(Teleborsa) – I ricavi complessivi delle principali aziende che operano nel settore delle comunicazioni elettroniche sono diminuiti, tra il 2019 e il 2023, ad un tasso medio annuo dello 0,9% passando da 29,9 a 28,8 miliardi di euro: complessivamente la contrazione nel periodo è stata del 3,6%. Tuttavia, nel corso del 2023 si osserva una crescita dell’1,3% rispetto al 2022. È quanto emerge da un’analisi sul settore pubblicato dall’Agcom.
Il margine operativo lordo complessivo delle imprese analizzate, tra il 2019 e il 2023, passa dal 38,5% al 23,3% dei ricavi: il valore medio annuo è pari al 30%. Nell’ultimo anno, la capacità del settore di generare ricchezza dalla gestione operativa si mantiene sostanzialmente sui livelli del 2022, registrando una lieve flessione di 1 punto percentuale.
Tra il 2019 e il 2023, l’indicatore dell’incidenza del ricorso ai mezzi propri, misurato come rapporto tra patrimonio netto e totale passività, per le imprese considerate nell’analisi si attesta su un valore medio annuo del 28,4%, mostrando un andamento negativo sia relativamente all’intero quinquennio (-1,6 p.p.) sia su base annua (-1,8 p.p.).
La percentuale media annua degli investimenti sui ricavi nel periodo è pari al 25,7%; sebbene nel 2022 si sia registrata una contrazione dal 26,7% al 23,5%, nel 2023 il tasso è rimasto stabile rispetto all’anno precedente.

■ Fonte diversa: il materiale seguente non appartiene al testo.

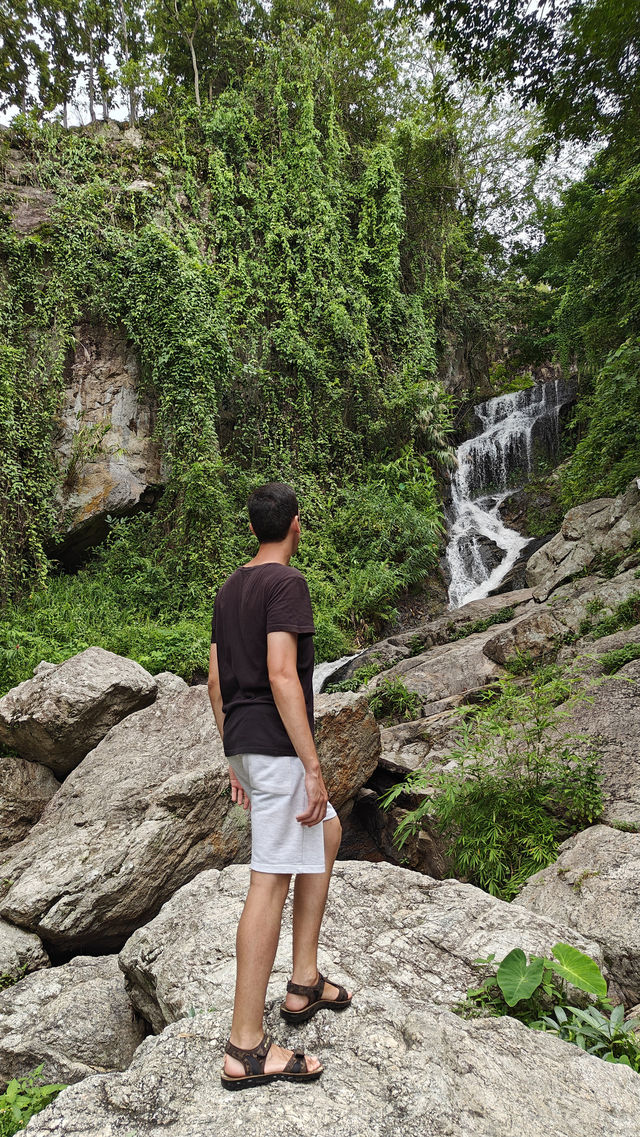 Island or Mountains? How to Choose Your Thailand Adventure 🇹🇭🏝️⛰️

Complessivamente, le imprese analizzate nel 2023 hanno effettuato investimenti per un totale di 6,7 miliardi di euro.
Nel corso dell’intero periodo considerato, il flusso finanziario generato dall’attività operativa in rapporto ai ricavi è stato mediamente pari al 23,8% annuo: dopo aver registrato un trend negativo nel 2021 e 2022, nel 2023 il valore è ripreso a crescere (da 13,3% a 20,6%).
A fine 2023, gli addetti diretti nel settore risultano essere circa 56.000, con una riduzione nell’ultimo anno di poco meno di 2.700 unità lavorative. Va ricordato che la tendenza alla riduzione degli addetti è in atto da tempo (nel 2019 gli organici del comparto risultanti dal campione di imprese considerato erano, in termini omogenei, circa 62.800); tale flessione è dovuta in prevalenza ai processi di riorganizzazione aziendale che hanno interessato, nel periodo considerato, alcuni tra i principali operatori storici, in particolare TIM.
Allo stesso tempo, la progressiva infrastrutturazione e crescita degli operatori che più di recente sono entrati sul mercato, sia nel segmento retail sia in quello wholesale, hanno avuto come effetto quello di attenuare tale tendenza negativa.